# Interjection Analysis

In [1]:
import pandas as pd
import matplotlib.pyplot as plt
import numpy as np
import re
import gender_classification as gc
from collections import Counter

In [2]:
# load data
df = pd.read_pickle('C:/Users/Ana/OneDrive - Hochschule Düsseldorf/MA/data_topics.pkl')

In [3]:
# add year column
df['year'] = df['date'].dt.year

In [4]:
df.head()

Unnamed: 0,text,date,legislative_period,speaker_name,speaker_gender,speaker_role,speaker_party,comments,id,speaker_id,speech_length,topic_distribution,year
0,Sehr geehrter Herr Alterspräsident! So muss ...,2021-10-26,20,Gabriele Katzmarek,female,,SPD,[(Beifall bei der SPD sowie bei Abgeordneten d...,SP-2021-0,1299,2593,{68: 0.35882655},2021
1,Herr Präsident! Liebe Kolleginnen und Kolleg...,2021-10-26,20,Stefan Müller,male,,CDU/CSU,[(Beifall bei der CDU/CSU sowie bei Abgeordnet...,SP-2021-1,4028,3796,{68: 0.46776655},2021
2,Sehr geehrter Herr Alterspräsident Wolfgang ...,2021-10-26,20,Britta Haßelmann,female,,BÜNDNIS 90/DIE GRÜNEN,[(Beifall beim BÜNDNIS 90/DIE GRÜNEN und bei d...,SP-2021-2,451,4301,{68: 0.26328164},2021
3,Sehr geehrter Herr Präsident! Meine lieben K...,2021-10-26,20,Marco Buschmann,male,,FDP,"[(Jan Korte [DIE LINKE]: Oder Jugendweihe!), (...",SP-2021-3,3083,4555,{},2021
4,Herr Alterspräsident! Lassen Sie mich zunäch...,2021-10-26,20,Stephan Brandner,male,,AfD,"[(Beifall bei der AfD), (Beifall bei Abgeordne...",SP-2021-4,4055,5996,{68: 0.3120498},2021


In [5]:
# filter dataframe for speeches with comments
df_comments = df[df['comments'].apply(lambda x: len(x) > 0)]

In [6]:
# number of speeches with comments
len(df_comments)

371023

## Matching and counting comments

### Classifying speaker gender

In [7]:
# function for cleaning and classifying speaker names
PRE_1 = re.compile(r'(((Weiterer )?Gegenruf (?P<article>des|der) Abg\.))(?P<name>[\w,\s\.]*)')
PRE_2 = re.compile(r'(((Zuruf|Zustimmung) (?P<article>des|der) Abg\.)|(Zuruf von))(?P<name>[\w,\s\.]*)')
PRE_3 = re.compile(r'(.*?)\s*--\s*(?P<name>[\w\s\.-]+)$')

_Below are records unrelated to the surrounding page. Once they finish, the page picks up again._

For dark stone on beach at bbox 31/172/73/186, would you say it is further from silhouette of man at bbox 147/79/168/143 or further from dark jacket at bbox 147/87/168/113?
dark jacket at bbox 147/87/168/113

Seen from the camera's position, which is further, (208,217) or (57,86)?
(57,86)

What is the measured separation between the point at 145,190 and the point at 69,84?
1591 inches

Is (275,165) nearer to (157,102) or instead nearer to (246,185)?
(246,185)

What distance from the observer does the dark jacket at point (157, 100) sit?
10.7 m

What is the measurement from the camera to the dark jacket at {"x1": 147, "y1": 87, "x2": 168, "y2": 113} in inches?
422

PREAMBLES = [PRE_1, PRE_2, PRE_3]

def get_speaker_gender(name):

    for PREAMBLE in PREAMBLES:
        match = re.search(PREAMBLE, name)
        if(match):
            name = match.groupdict()["name"]
            if 'article' in match.groupdict():
                article = match.groupdict()["article"]
                #print(article)
                return 'female' if article == 'der' else 'male'
    
    name = name.strip()
    name_length = len(name.split())

    if name_length > 1:
        #print("größer als 1")

        # remove 'Abgeordnete(r)' from name
        name = re.sub('Abg\.?', '', name).strip()

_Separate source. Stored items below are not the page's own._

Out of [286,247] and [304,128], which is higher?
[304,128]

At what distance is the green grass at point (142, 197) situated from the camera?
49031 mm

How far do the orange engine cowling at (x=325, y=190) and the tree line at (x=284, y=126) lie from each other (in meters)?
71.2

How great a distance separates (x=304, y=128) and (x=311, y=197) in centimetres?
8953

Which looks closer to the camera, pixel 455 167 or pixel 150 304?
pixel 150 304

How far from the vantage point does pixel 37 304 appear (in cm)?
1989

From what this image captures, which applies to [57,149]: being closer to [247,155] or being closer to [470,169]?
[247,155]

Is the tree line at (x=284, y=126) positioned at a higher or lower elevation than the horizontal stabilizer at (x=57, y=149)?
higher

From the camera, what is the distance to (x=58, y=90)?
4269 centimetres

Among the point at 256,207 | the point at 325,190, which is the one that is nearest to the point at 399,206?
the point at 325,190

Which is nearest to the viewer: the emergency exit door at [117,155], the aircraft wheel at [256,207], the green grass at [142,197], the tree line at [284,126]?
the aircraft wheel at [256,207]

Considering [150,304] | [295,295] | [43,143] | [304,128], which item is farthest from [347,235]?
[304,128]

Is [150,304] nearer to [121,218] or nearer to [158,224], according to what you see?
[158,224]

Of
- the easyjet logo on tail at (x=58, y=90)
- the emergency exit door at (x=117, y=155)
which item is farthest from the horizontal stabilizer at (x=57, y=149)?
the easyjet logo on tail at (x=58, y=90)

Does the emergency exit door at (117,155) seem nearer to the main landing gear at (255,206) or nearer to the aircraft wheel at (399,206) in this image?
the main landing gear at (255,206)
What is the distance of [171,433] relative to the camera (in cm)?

        # if name 'Frau X', classify as female
        if name.split()[0] == 'Frau':
            #print("Frau Bla")
            return 'female'
        
        # if first substring is title, take second substring or return unknown
        if "." in name.split()[0]:
            if name_length > 2 :
                #print("Dr. Bla Bli")
                first_name = name.split()[1]
            else:
                #print("Dr. Bli", name)
                return 'unkown'
        else:
            first_name = name.split()[0]
        #print(first_name)
        return gc.get_gender(first_name)
    
    # return unknown if only last name is given
    else:
        #print(name)
        return 'unknown'
    
    

In [8]:
# test classification
get_speaker_gender("Zustimmung der Abg. Frau Kalinke.")

'female'

### Cleaning comments

In [9]:
# dict of faulty characters and names to replace
chars_to_replace = {
    '\xa0': ' ',
    '…': '...',
    '\u202f': '',
    '„': '"',
    '”': '"',
    '“': '"',
    '§': 'Paragraph',
    '\n                   ': '',
    'Prinz zu Sayn-Wittgenstein-Hohenstein': 'Botho Prinz zu Sayn-Wittgenstein-Hohenstein',
    'Dr.Kohl': 'Dr. Kohl',
    'Dr. -Ing.': 'Dr.-Ing.',
}

In [10]:
# function for replacing in-comment hyphens (that are not used for separation between comments)
def replace_hyphens(string):
    hyphen = re.compile(r'[\w,!\s\.\?\":]*(?P<hyphen>-)[\w,!\s\.\?\":]*')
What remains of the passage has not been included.